Problem requirements – From the records below, set down exactly the lines starting with the line that contains "Fendi Kids velvet-panelled" and going on through the line that contains "(Black, Multicolor) SUTENI". Nothing else is wanted.

Records –
-------
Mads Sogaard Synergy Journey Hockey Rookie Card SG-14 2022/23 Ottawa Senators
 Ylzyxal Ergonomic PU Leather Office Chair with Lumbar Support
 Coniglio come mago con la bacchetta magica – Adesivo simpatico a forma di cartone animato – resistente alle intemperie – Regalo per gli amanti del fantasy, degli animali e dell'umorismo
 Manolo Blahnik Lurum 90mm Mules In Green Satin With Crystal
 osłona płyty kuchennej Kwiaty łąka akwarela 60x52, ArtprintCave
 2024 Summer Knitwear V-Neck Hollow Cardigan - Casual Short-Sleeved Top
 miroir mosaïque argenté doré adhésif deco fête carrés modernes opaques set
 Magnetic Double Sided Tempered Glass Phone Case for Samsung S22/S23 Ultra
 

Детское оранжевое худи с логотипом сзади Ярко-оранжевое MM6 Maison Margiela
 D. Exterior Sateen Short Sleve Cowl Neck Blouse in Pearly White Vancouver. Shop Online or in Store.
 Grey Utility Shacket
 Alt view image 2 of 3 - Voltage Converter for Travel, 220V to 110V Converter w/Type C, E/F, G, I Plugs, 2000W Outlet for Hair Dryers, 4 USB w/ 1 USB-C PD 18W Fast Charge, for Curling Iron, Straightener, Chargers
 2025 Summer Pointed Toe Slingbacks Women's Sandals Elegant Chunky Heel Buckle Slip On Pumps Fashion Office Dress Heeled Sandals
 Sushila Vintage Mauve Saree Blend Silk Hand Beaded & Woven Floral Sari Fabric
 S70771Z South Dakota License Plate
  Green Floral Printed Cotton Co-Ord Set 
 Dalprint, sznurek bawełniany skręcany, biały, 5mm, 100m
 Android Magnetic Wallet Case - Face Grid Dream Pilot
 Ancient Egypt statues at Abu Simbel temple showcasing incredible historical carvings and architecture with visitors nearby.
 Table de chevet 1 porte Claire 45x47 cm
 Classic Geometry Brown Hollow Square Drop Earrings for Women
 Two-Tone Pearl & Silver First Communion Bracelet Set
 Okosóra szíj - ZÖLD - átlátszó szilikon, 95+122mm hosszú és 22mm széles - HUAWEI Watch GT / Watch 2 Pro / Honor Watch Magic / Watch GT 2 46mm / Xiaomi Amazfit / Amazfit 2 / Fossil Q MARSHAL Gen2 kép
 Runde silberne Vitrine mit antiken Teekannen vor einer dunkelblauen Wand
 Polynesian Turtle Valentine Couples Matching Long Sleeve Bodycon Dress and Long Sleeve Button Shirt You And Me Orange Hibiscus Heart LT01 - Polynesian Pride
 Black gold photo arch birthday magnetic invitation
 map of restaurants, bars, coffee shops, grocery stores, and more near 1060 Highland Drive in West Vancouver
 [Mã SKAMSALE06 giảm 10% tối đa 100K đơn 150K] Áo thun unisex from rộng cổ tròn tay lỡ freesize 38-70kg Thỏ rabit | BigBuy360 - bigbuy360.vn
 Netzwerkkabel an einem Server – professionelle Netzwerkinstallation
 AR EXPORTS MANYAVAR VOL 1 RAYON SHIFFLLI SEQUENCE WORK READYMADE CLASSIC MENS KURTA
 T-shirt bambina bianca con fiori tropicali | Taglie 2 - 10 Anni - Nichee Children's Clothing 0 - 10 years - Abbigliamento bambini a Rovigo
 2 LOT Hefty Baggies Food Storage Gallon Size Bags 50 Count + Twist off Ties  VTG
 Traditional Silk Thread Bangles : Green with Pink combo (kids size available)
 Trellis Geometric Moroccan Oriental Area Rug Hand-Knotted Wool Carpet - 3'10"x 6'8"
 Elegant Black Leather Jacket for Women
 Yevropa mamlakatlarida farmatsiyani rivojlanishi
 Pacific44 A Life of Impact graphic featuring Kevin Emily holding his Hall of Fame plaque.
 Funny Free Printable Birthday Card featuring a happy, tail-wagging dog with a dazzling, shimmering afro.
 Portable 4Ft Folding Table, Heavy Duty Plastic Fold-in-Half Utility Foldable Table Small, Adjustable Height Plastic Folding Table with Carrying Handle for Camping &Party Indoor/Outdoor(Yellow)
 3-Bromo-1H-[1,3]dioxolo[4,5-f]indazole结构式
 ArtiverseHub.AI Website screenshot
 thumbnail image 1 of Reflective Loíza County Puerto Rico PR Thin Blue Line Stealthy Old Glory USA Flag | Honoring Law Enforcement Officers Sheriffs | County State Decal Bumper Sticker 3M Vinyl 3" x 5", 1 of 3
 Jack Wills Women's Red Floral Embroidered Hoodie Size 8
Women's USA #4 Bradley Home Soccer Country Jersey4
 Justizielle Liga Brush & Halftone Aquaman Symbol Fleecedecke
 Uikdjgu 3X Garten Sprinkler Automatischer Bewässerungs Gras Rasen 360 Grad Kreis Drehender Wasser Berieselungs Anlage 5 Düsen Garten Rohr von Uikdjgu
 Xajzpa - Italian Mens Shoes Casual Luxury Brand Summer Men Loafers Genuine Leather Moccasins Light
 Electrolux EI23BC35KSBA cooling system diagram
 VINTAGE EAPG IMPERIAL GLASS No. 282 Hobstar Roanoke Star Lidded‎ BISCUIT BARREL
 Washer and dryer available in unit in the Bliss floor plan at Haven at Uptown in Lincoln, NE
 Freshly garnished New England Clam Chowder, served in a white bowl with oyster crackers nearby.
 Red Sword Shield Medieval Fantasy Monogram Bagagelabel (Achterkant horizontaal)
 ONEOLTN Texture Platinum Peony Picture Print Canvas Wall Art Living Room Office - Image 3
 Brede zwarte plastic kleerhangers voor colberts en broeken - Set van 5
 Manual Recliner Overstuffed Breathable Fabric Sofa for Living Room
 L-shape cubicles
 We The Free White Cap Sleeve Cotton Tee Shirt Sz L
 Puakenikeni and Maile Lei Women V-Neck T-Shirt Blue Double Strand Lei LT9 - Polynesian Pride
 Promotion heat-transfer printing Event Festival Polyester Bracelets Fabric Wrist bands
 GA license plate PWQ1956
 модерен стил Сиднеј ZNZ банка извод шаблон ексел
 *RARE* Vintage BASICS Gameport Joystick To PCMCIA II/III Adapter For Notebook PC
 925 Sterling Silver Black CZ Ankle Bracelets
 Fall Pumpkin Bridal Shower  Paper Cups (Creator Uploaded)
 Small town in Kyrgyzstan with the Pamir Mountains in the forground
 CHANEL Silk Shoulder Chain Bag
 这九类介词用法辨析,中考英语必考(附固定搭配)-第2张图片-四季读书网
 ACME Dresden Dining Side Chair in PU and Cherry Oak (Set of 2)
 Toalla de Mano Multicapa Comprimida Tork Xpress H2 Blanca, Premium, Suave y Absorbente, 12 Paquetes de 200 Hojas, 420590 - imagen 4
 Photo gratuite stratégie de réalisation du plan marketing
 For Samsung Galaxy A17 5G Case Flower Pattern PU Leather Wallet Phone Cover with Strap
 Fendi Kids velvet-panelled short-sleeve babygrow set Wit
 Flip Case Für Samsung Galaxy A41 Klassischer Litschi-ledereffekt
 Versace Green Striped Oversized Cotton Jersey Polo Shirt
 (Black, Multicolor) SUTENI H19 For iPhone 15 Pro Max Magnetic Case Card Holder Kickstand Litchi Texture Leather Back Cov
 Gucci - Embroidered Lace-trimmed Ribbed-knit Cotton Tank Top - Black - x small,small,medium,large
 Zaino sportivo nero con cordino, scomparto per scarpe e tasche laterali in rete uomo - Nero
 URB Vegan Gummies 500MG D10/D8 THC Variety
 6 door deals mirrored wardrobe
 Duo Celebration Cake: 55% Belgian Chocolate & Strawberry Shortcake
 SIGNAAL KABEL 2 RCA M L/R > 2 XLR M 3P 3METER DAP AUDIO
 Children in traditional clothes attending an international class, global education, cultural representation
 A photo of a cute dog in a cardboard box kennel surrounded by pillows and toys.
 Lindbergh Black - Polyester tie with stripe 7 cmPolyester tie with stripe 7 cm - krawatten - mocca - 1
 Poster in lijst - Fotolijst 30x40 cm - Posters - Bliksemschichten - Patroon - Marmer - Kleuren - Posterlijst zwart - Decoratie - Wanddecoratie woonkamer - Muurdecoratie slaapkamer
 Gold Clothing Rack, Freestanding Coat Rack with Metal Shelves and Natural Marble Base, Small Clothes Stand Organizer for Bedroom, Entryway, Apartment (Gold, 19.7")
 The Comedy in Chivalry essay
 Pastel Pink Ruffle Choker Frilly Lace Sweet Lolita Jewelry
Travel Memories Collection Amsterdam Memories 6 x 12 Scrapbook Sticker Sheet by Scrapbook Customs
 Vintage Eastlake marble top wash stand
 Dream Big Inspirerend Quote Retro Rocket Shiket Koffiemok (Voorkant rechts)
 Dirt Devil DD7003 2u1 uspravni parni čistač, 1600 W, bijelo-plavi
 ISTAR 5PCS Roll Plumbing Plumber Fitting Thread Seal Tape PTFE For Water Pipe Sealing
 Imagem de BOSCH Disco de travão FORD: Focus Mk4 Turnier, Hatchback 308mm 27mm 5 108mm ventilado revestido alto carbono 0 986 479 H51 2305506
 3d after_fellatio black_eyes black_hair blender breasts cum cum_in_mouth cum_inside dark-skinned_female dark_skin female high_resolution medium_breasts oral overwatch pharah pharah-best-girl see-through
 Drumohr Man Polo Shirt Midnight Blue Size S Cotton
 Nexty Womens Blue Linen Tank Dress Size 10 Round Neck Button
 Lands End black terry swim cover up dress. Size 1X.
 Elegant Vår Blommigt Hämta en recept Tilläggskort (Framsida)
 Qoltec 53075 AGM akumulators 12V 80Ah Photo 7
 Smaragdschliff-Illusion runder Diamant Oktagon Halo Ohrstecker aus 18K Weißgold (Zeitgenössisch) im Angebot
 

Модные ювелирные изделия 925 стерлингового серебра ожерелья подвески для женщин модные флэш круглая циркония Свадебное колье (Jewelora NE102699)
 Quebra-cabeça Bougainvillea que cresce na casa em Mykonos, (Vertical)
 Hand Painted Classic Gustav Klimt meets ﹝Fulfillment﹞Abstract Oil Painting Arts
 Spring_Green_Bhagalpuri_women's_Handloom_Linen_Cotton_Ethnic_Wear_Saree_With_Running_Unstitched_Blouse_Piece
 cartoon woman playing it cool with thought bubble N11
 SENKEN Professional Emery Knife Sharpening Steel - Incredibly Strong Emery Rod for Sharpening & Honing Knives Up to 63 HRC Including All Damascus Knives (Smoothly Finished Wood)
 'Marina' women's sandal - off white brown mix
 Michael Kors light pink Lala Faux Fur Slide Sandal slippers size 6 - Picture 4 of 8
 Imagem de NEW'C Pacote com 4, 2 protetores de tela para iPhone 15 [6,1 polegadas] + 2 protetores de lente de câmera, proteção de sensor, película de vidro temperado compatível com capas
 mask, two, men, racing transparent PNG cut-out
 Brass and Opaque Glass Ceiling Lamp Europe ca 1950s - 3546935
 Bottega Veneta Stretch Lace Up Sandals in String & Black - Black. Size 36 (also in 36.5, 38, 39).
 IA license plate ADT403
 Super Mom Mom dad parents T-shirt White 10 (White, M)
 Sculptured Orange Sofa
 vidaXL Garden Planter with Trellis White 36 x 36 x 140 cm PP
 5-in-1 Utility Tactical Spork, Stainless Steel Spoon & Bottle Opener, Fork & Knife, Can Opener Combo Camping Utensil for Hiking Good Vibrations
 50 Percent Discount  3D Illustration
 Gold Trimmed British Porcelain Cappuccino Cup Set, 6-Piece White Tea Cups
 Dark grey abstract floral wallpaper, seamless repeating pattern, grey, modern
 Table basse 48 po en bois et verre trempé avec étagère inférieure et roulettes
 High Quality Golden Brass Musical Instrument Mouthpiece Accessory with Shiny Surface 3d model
-------
Written response –
 Fendi Kids velvet-panelled short-sleeve babygrow set Wit
 Flip Case Für Samsung Galaxy A41 Klassischer Litschi-ledereffekt
 Versace Green Striped Oversized Cotton Jersey Polo Shirt
 (Black, Multicolor) SUTENI H19 For iPhone 15 Pro Max Magnetic Case Card Holder Kickstand Litchi Texture Leather Back Cov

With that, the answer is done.